The band's third studio album, Dance on the Blacktop, was released on August 24, 2018, by Relapse. It was preceded by the "Zero Day" single on June 4. 

After the recording of the album, new bassist Aaron Heard (vocalist for hardcore band Jesus Piece), replaced Bassett. Founding guitarist/vocalist Brandon Setta left the band mid-tour due to personal reasons in 2019 and continues to release music under the name White Lighters. He was replaced by Cloakroom frontman Doyle Martin.

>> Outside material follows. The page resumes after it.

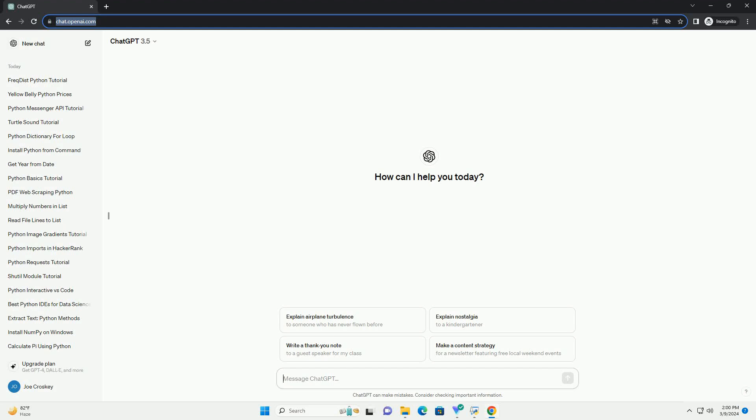Run the code online or download from codegive.com, link in the description below. How to Install the Latest Python on Ubuntu 20.04.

On October 30, 2020 The Great Dismal was released on Relapse Records. Promotional videos were released for the songs "Say Less", "Bernie Sanders", "Famine Asylum", "April Ha Ha (Ft. Alex G.)", and "Catch a Fade". Production was handled by Will Yip, who previously produced the band's second record, Tired of Tomorrow. This is the first album to feature Doyle Martin replacing Brandon Setta on guitar and vocals, as well as Aaron Heard replacing longtime bassist Nick Bassett.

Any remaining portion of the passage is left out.